▸ **Description of the task**:
Output all of the records word for word and drop the images.

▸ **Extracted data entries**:
- - -

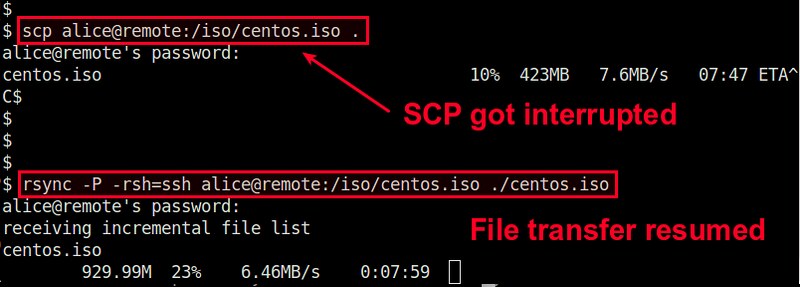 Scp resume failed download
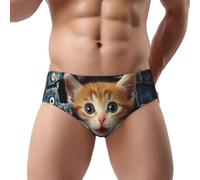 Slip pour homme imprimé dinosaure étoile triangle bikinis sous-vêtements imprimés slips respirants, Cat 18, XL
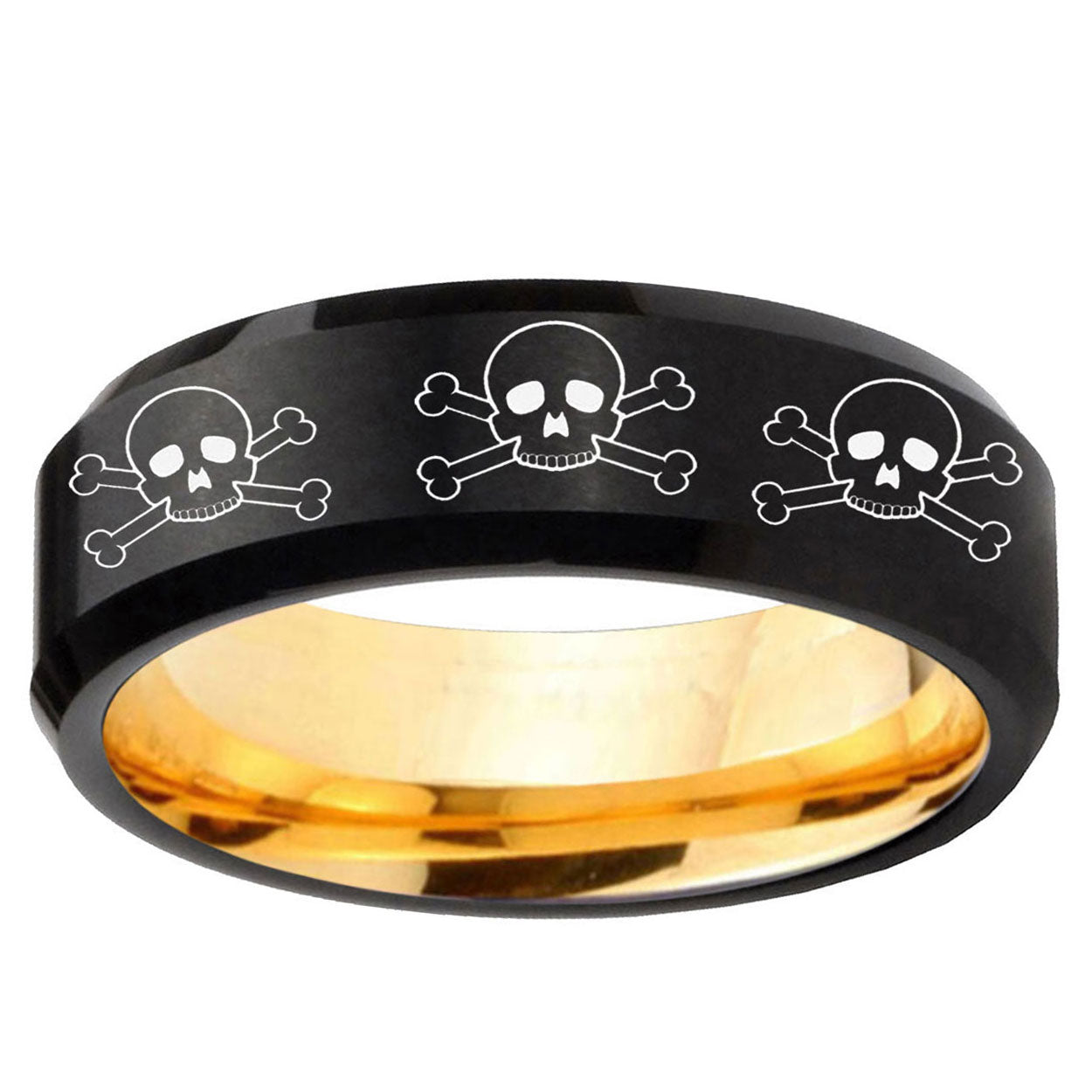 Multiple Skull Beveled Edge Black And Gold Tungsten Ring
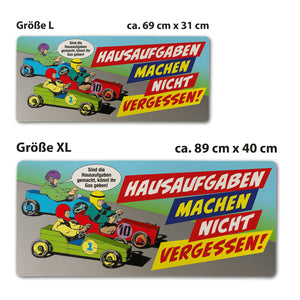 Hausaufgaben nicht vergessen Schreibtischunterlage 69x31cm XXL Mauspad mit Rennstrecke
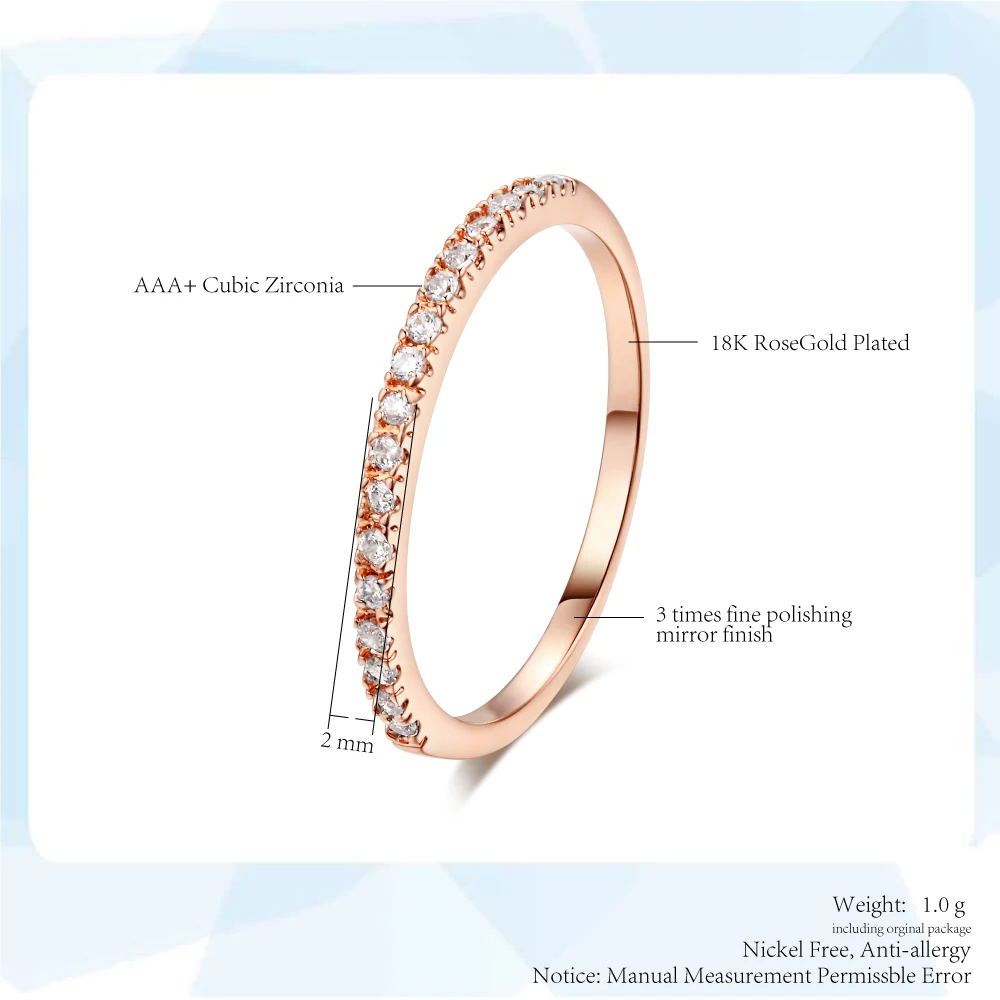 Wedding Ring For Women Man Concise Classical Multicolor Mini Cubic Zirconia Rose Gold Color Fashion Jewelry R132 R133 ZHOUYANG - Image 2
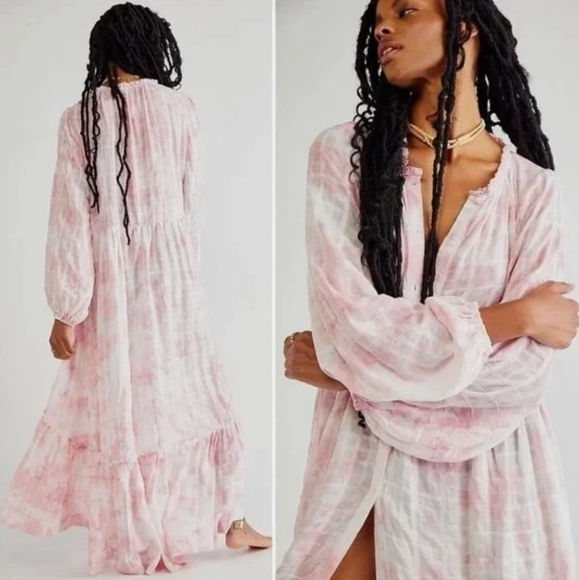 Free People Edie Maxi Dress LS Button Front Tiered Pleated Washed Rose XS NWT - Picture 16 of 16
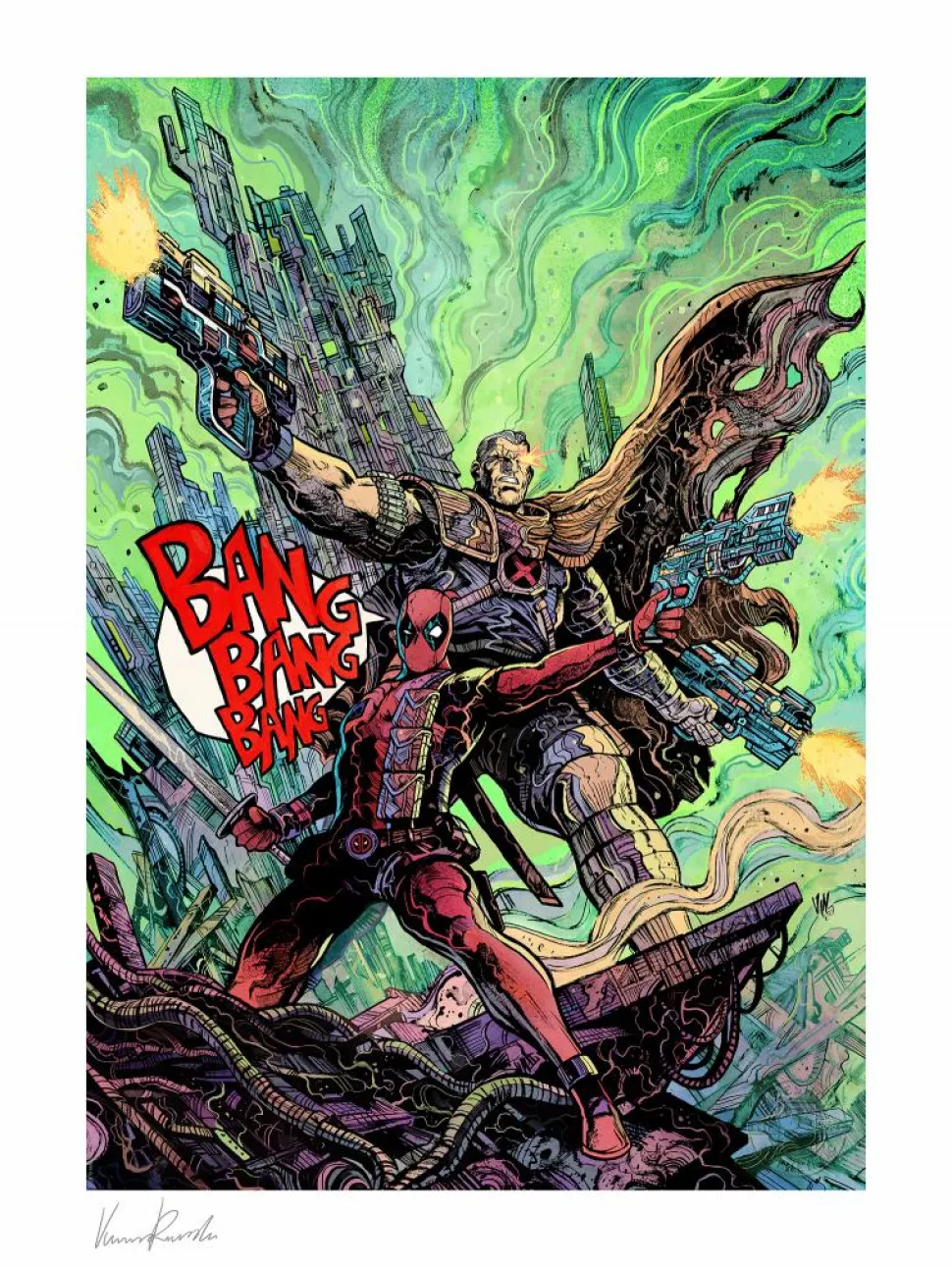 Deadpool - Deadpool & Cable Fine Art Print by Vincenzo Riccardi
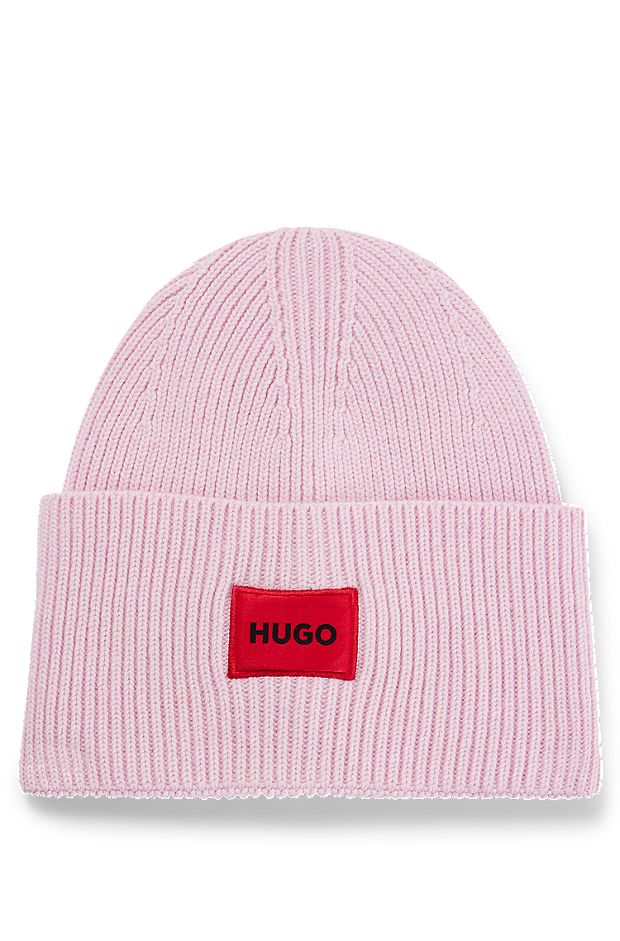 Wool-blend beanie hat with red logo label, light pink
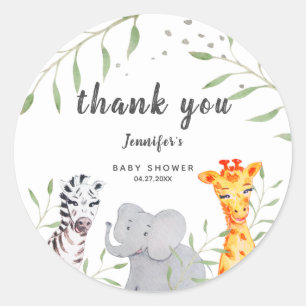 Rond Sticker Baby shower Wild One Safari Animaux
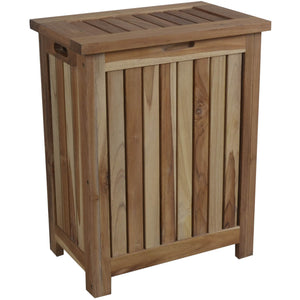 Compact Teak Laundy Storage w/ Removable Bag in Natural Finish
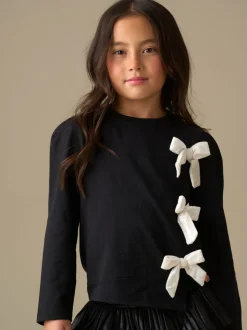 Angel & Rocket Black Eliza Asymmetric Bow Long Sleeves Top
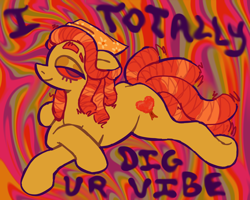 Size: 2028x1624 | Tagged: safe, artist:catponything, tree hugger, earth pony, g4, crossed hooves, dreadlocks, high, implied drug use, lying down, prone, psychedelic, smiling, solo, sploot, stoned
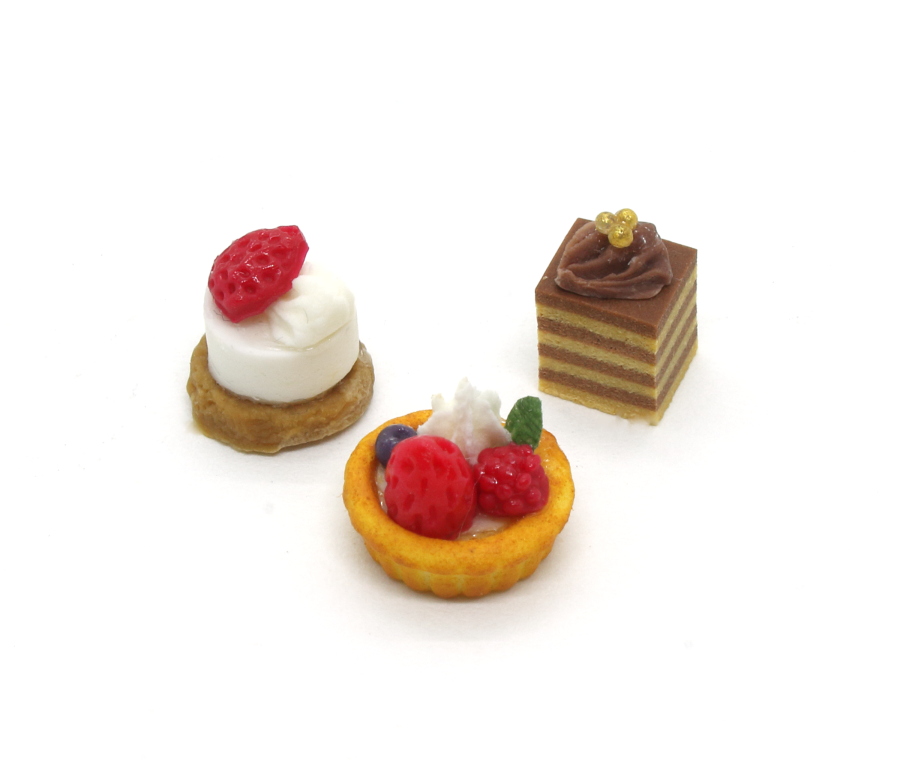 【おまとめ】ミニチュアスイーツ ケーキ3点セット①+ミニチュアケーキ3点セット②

- - -

▸ **The completed task**:
 Scp resume failed download
 Slip pour homme imprimé dinosaure étoile triangle bikinis sous-vêtements imprimés slips respirants, Cat 18, XL
 Multiple Skull Beveled Edge Black And Gold Tungsten Ring
 Hausaufgaben nicht vergessen Schreibtischunterlage 69x31cm XXL Mauspad mit Rennstrecke
 Wedding Ring For Women Man Concise Classical Multicolor Mini Cubic Zirconia Rose Gold Color Fashion Jewelry R132 R133 ZHOUYANG - Image 2
 Free People Edie Maxi Dress LS Button Front Tiered Pleated Washed Rose XS NWT - Picture 16 of 16
 Deadpool - Deadpool & Cable Fine Art Print by Vincenzo Riccardi
 Wool-blend beanie hat with red logo label, light pink
 Rond Sticker Baby shower Wild One Safari Animaux
 Compact Teak Laundy Storage w/ Removable Bag in Natural Finish
 Angel & Rocket Black Eliza Asymmetric Bow Long Sleeves Top
 Size: 2028x1624 | Tagged: safe, artist:catponything, tree hugger, earth pony, g4, crossed hooves, dreadlocks, high, implied drug use, lying down, prone, psychedelic, smiling, solo, sploot, stoned
 【おまとめ】ミニチュアスイーツ ケーキ3点セット①+ミニチュアケーキ3点セット②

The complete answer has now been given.